Bir şeyleri mükemmel yapmak için çocukluktan beri eğitilmeye bir nevi yontulmaya çalışıldığımız için yazarkende ortaya çıkacak ilk metnin harika olması gerektiğini düşünüyoruz. Korkuyoruz. Birileri okuyup gülerse? Birileri alır bir yerde paylaşıp beni rezil ederse? Ya arkadaşlarım ve aile yakınlarım okuyup dalga geçerse? Seçenekler uzayıp gidiyor.
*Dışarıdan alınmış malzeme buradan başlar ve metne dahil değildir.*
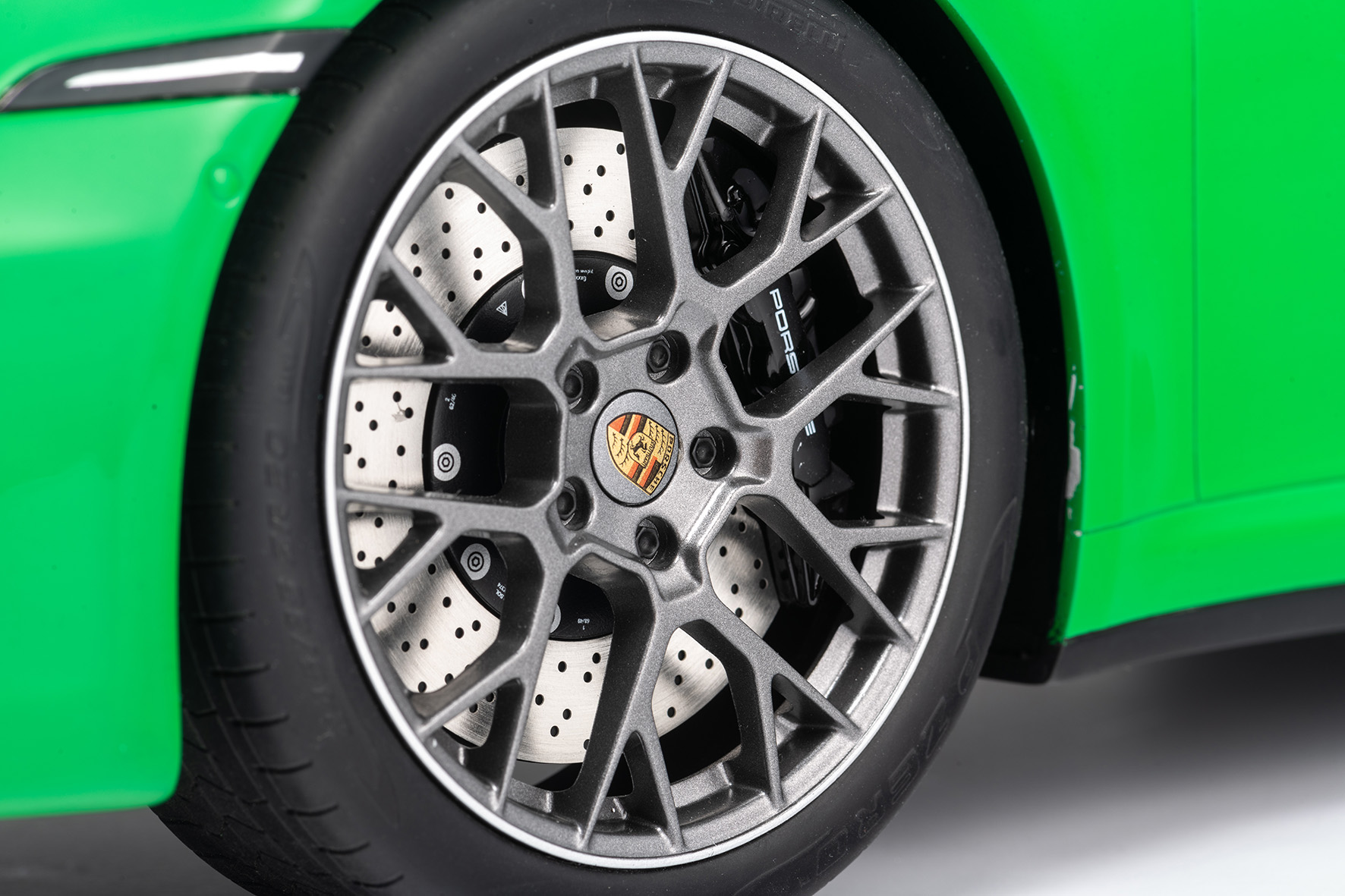 PORSCHE 911 (992) CARRERA 4S CABRIOLET - 2020 - PYTHONGRÜN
Ama bilirsiniz bahaneler don lastiği gibidir, çektikçe uzar. 

Ne de olsa korkunun ecele bir faydası yok demişler. 

Yazmak konusundaki korkuyu ve paylaşmak konusundaki çekinceyi internet sayesinden yıkabilirsiniz.
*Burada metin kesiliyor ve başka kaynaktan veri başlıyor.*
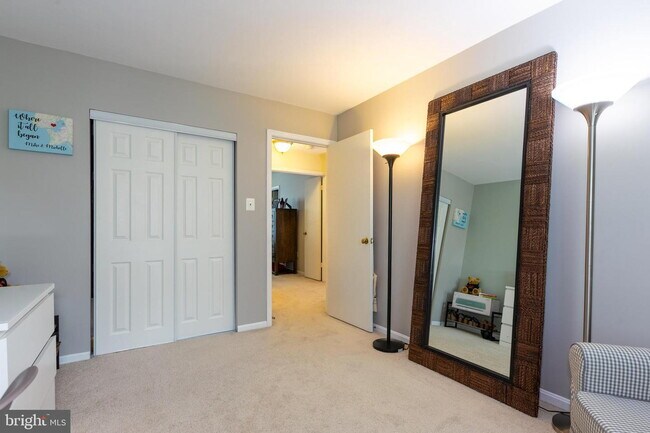 Building Photo - Stylish and Spacious Townhome with Open Floor Plan and Updated Kitchen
Kendinize sakladığınız o MÜKEMMEL OLDUĞUNUZA İNANDIĞINIZ FİKRİ bırakın başka birileri daha okusun. Paylaşsın, yayılsın, onların yorumlarıyla farklı ve daha derin bir hal alsın. Eksiklerini görebileceğiniz, karakterleri tartabileceğiniz, okurken keyifleneceğiniz bir şeyler ortaya çıksın.
Şimdi büyük yayınevleri dahi internet ortamında yayılan ve büyük kitlelere ulaşan yazarların kitaplarını basmayı tercih ediyor.
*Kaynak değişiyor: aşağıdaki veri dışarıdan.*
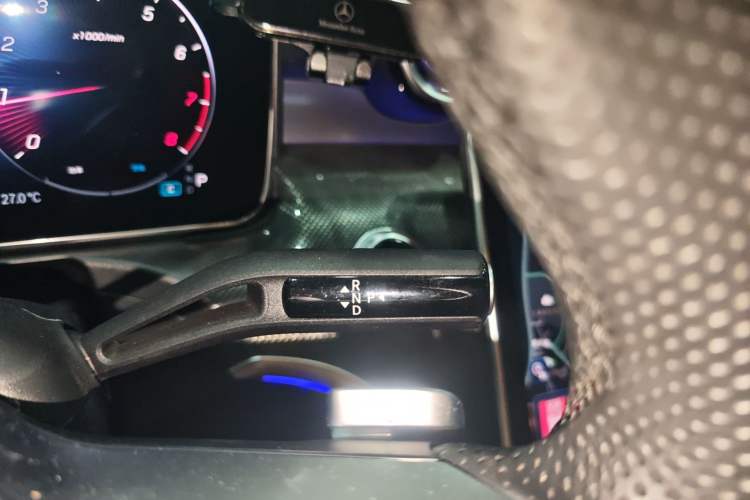 Used Mercedes-Benz C-Class 2024 Restyled C 260 L Sport Edition Gear Lever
Yani zaten okuyucuların tüm bölümlerine online olarak ulaşabildiği kitapları alıp baskıya gönderiyorlar. Wattpad bunun ispatı. Yazar ve yayınevi bu baskılarla bir miktar gelir elde ederken, somut bir eseri de ortaya çıkarmış oluyorlar. Ama bu çok mu şart? Yani kitabınızın illa kara kaplı bir deftere basılması mı gerekiyor büyük kitlelere ulaşması için?
Kesinlikle hayır.
Sadece internet ortamından yazarak milyonlara ulaşan onlarca yazar var. Örneğin John GREEN'ı bu kadar ünlü yapan şey aktif bir youtuber olması! Komik mi geldi kulağına? Youtuberlık ne alaka mı diyorsun?

Türkiye'den bir örnek vereyim o zaman: BAŞAK KABLAN(Önce Babam Öldü Sonra Hayallerim)


Kendisi Youtube'da hatrı sayılır bir kitleye sesleniyordu ve kitap yazdığını buradan duyurdu. Kitabının çıkacağını yine internetten duyurmuş tanıtımını Youtube'dan yapmıştı. Şimdi beklemediği kadar büyük bir kitleye sesleniyor kitabı çoktan birkaç baskıyı geride bıraktı. Üstüne üstlük bu kitlesi içerisinden seçtiği çizerlerle çizimlere yoğunlaşan bir kitap daha yazmakta olduğunu duyurdu.
Onlar neden korkmadı? Fikirlerini dünyaya açtılar. Londra'daki bir okuyucuyla, Artvin'deki bir okuyucuya aynı mesafeden ulaştılar.
O yüzden yayınevı yayınevi gezmeden önce kendini internet ortamında tanıtmayı denemelisiniz, Sonrasında işler elbette hemen yoluna girmeyecektir. Hemen büyük yayınevleri kapılarını sonuna kadar açıp kucaklamayacaktır seni. Ama durduğun nokta artık 0 noktası olmayacaktır.